The parable also illuminates the mindset guiding the bailout effort. Both Treasury Secretary Henry Paulson and his key adviser, Neel Kashkari, formerly held top jobs at Goldman Sachs, and it seems clear that their highly controversial and, to economic historians, bafflingly unorthodox bailout plan serves Wall Street’s interests—particularly those of their former employer—far more than the American public’s.
The amazing aptitude of Wall Street insiders to feather their own nests at the taxpayers’ expense should be a crucial concern as legislators try to craft a stable and productive future for the American financial system. A key question is how Wall Street’s greed can be reined in. In truth, there is no substitute for regulation.
This isn’t a view that will find immediate favor with conservative readers. But it is being espoused by no less a plutocrat than Michael Bloomberg, the former Wall Street insider who has recently morphed into a budget-cutting mayor of New York. More significantly, it has been vociferously championed by Paul Craig Roberts, the chief architect of President Ronald Reagan’s economic program.
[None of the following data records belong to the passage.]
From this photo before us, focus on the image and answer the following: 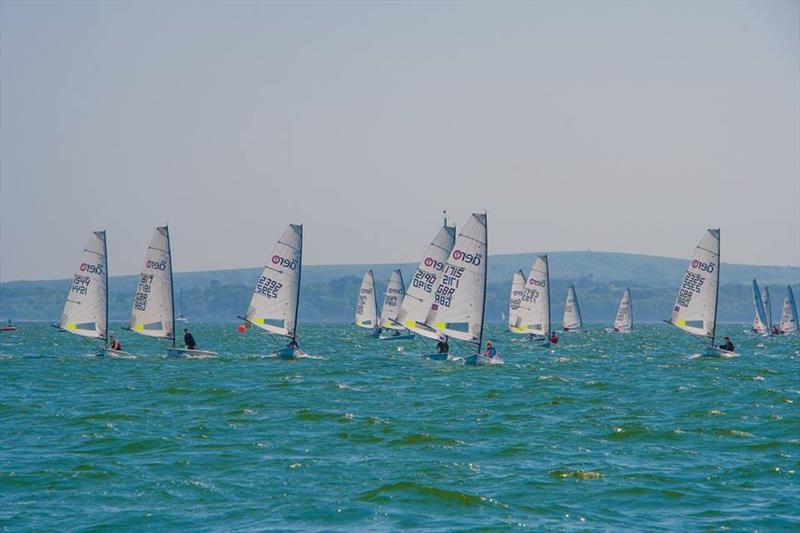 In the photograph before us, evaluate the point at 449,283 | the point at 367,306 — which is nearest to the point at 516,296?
the point at 367,306

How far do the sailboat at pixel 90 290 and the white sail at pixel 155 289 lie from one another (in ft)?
5.34

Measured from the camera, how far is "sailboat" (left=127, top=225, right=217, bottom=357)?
2247 inches

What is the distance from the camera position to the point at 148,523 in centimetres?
2016

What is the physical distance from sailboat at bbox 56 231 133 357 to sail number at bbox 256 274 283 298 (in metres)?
7.14

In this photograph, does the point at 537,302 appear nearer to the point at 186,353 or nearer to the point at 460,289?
the point at 186,353

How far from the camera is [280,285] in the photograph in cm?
5722

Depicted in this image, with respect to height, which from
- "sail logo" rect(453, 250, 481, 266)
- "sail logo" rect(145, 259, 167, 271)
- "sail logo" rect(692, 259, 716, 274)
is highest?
"sail logo" rect(692, 259, 716, 274)

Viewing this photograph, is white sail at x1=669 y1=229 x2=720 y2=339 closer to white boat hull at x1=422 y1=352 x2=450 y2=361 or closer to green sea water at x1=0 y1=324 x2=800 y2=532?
white boat hull at x1=422 y1=352 x2=450 y2=361

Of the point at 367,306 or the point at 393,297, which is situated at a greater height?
the point at 393,297

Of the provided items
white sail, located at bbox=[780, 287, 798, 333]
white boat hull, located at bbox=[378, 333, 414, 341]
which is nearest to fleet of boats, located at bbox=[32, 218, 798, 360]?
white boat hull, located at bbox=[378, 333, 414, 341]

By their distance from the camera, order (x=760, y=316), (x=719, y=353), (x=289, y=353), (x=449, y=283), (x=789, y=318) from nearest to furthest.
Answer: (x=449, y=283) → (x=289, y=353) → (x=719, y=353) → (x=789, y=318) → (x=760, y=316)

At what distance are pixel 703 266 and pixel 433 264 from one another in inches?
723

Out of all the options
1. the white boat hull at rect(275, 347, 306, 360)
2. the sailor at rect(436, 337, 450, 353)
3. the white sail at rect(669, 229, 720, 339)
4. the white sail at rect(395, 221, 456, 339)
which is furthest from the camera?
the white sail at rect(669, 229, 720, 339)

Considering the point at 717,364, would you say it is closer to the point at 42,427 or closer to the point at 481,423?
the point at 481,423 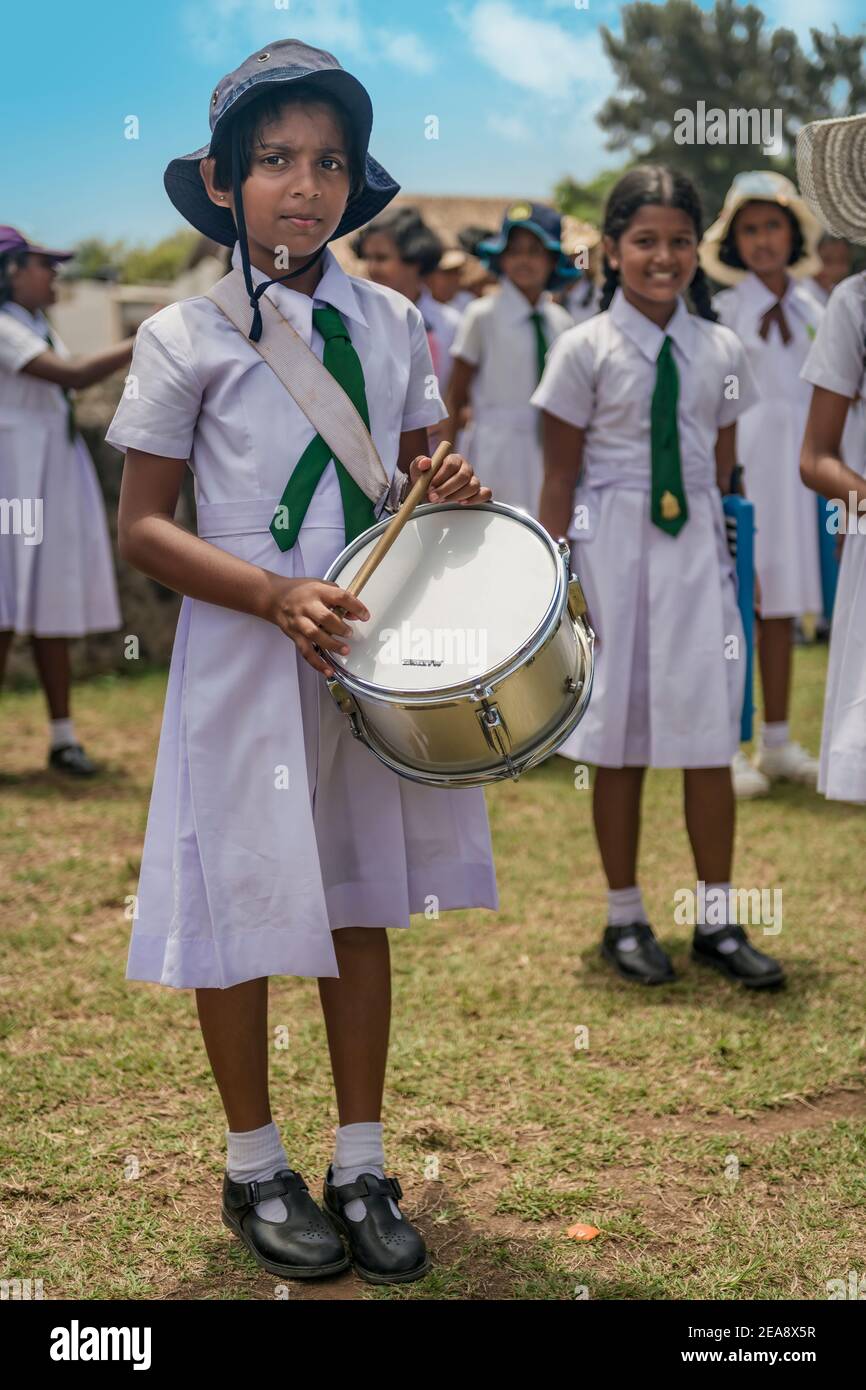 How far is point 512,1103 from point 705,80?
101 feet

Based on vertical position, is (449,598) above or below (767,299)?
below

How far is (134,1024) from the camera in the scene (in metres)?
4.00

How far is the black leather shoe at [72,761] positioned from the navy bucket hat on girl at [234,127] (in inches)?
164

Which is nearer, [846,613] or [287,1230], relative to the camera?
[287,1230]

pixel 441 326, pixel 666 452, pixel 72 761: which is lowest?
pixel 72 761

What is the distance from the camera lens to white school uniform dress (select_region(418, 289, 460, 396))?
8414 mm

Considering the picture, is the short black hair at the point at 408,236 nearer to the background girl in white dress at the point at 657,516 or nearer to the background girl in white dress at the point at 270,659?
the background girl in white dress at the point at 657,516

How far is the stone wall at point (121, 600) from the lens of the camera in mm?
9117

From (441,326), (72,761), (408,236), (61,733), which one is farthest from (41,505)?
(441,326)

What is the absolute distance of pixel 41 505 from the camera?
6.67 metres

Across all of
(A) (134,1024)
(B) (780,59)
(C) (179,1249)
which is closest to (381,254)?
(A) (134,1024)

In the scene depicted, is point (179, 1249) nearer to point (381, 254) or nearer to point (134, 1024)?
point (134, 1024)

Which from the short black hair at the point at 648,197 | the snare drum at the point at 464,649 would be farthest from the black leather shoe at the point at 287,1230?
the short black hair at the point at 648,197

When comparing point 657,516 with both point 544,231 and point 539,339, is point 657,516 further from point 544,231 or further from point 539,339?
point 544,231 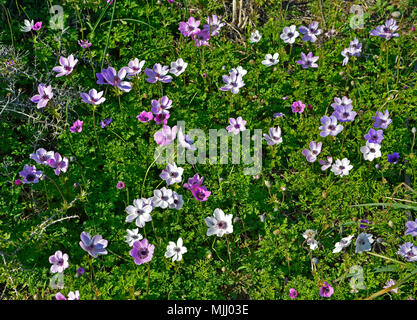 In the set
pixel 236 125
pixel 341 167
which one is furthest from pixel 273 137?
pixel 341 167

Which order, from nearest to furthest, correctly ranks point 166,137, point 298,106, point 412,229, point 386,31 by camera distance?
point 412,229 → point 166,137 → point 298,106 → point 386,31

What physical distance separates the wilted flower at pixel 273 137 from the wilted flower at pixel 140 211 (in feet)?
3.31

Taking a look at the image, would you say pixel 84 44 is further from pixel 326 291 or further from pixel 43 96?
pixel 326 291

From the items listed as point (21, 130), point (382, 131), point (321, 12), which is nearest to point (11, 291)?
point (21, 130)

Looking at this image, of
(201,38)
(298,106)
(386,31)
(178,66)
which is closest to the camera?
(298,106)

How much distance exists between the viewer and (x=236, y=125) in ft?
10.8

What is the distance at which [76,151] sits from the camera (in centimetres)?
318

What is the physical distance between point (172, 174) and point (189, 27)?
1.46 m

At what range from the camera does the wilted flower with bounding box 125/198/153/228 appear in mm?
2721

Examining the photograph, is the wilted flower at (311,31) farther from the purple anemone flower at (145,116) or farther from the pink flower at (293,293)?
the pink flower at (293,293)

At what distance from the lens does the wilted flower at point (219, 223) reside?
275 centimetres

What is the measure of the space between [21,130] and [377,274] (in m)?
2.74

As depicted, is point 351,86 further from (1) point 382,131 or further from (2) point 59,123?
(2) point 59,123

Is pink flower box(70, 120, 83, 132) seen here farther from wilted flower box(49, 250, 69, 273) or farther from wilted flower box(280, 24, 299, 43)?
wilted flower box(280, 24, 299, 43) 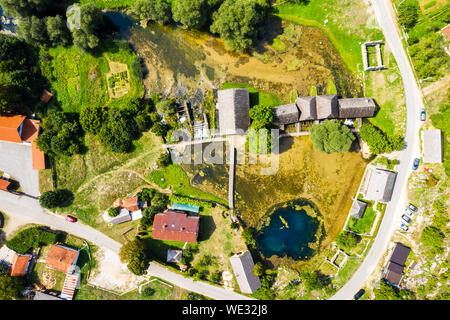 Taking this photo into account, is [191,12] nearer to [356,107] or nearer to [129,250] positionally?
[356,107]

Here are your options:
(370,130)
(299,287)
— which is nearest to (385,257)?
(299,287)

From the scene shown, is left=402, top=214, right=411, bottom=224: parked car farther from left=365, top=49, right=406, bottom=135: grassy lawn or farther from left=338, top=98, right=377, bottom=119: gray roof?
left=338, top=98, right=377, bottom=119: gray roof

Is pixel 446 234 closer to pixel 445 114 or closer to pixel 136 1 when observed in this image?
pixel 445 114

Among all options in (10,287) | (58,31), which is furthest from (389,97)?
(10,287)

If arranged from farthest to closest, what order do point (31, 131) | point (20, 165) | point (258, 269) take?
point (20, 165)
point (31, 131)
point (258, 269)

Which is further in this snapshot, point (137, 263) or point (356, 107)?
point (356, 107)

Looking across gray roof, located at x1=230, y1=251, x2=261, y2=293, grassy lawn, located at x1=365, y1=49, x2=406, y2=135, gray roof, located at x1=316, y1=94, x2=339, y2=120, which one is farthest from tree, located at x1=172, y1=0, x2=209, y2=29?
gray roof, located at x1=230, y1=251, x2=261, y2=293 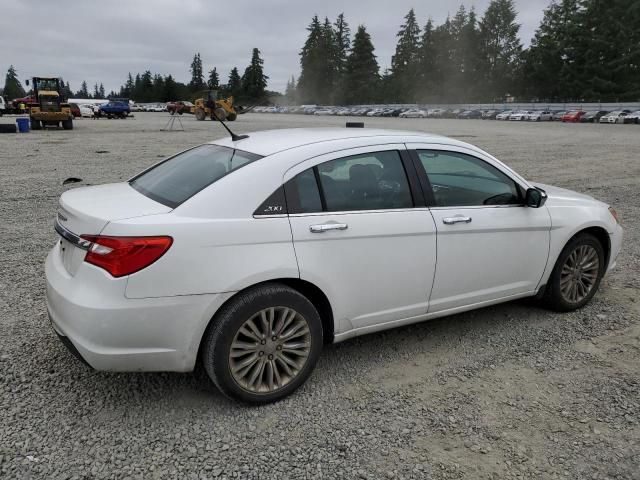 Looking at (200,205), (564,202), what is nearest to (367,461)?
(200,205)

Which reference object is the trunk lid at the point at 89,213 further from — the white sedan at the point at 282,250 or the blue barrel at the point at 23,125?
the blue barrel at the point at 23,125

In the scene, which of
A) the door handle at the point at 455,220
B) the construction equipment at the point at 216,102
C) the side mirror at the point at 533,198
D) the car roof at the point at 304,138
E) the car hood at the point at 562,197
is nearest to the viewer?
the car roof at the point at 304,138

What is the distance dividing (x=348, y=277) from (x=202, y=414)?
3.83 ft

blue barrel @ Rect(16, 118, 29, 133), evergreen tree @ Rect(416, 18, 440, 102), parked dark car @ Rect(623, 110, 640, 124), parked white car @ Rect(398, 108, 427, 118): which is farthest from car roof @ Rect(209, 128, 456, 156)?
evergreen tree @ Rect(416, 18, 440, 102)

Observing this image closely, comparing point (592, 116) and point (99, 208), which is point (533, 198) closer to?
point (99, 208)

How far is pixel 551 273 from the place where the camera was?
437cm

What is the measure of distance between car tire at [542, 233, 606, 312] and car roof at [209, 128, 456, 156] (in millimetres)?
1387

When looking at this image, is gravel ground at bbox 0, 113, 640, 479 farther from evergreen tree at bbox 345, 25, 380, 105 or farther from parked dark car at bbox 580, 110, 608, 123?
evergreen tree at bbox 345, 25, 380, 105

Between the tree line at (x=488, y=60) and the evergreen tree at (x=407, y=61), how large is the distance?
20 cm

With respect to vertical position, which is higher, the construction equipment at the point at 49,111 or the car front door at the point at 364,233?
the car front door at the point at 364,233

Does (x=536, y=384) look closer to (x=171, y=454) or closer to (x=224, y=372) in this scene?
(x=224, y=372)

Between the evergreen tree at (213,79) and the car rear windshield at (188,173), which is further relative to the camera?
the evergreen tree at (213,79)

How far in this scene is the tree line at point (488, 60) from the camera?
72.0 m

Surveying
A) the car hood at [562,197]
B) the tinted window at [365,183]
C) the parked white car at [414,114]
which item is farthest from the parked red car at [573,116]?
the tinted window at [365,183]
Before we consider in detail the case for a return to regulation, let’s first understand how we have come to this pass.
Think of it this way: there is a hierarchy of lenders and sublenders that begins with, say, a saver in Germany who puts money on deposit in a Berlin bank. This deposit, along with countless others, is used to buy highly complex U.S. mortgage-backed securities peddled by an American investment banker in Frankfurt. These securities are a claim on thousands of mortgages advanced to homeowners in the United States by various American mortgage lenders. In an ideal world, all the American borrowers remain happily solvent and make their repayments on time. Out of these repayments the German bank will receive a regular flow of interest followed eventually by the return of its capital—after various middlemen have taken juicy cuts, not least the American investment banker, who has already taken a nice commission upfront.
As long as home prices continue to rise, the system works. That’s the theory. But in reality, a natural real estate correction—along with rampant corruption—combined to produce devastating effects.
In the search for someone to blame, predatory lenders are obvious culprits. As the subprime mortgage industry grew, so did the tendency to seek out weak borrowers, particularly elderly people with valuable homes but little income. In one case reported to the Senate Special Committee on Aging, an elderly couple living on Social Security in Brooklyn was sucked into a financial quagmire after a salesman promised he could have their windows repaired for payments of $43 a month over 15 years—a grand total of less than $8,000. Six years later, they had paid tens of thousands of dollars in fees, accumulated $88,000 in new debt, and been served with foreclosure papers.
Situations like this meant fat income for the predatory lender, with the added bonus of exorbitant rake-offs when he foreclosed on the unfortunate borrower. The whole plot was funded by an expected rise in home values.
And for a time, prices soared—124 percent between 1997 and 2006. Lured by teaser rates and convinced that they could either refinance later or flip for big gains, average Americans got in the game. As of March 2007, the value of subprimes was estimated at $1.3 trillion of the $12 trillion total U.S. mortgage market—a significant proportion, to be sure. But not all lenders were trawling for defaults; money was cheap and the market was hot.
Far from putting on the brakes, government revved the engine. President Bush advanced his notion of the “ownership society” as integral to national identity: “the idea of people owning a home is part of the American Dream.” Legislation like the Home Mortgage Disclosure Act and the Community Reinvestment Act facilitated risky lending. The Federal Reserve contributed to the problem as well. “The Fed’s loose money policies under Alan Greenspan encouraged the technology bubble” of the 1990s, notes sociology professor Walden Bello, a leading critic of globalization. “When it collapsed, Greenspan, to try to counter a long recession, cut the prime rate to a 45-year low of one percent in June 2003 and kept it there for over a year. This had the effect of encouraging another bubble—in real estate.”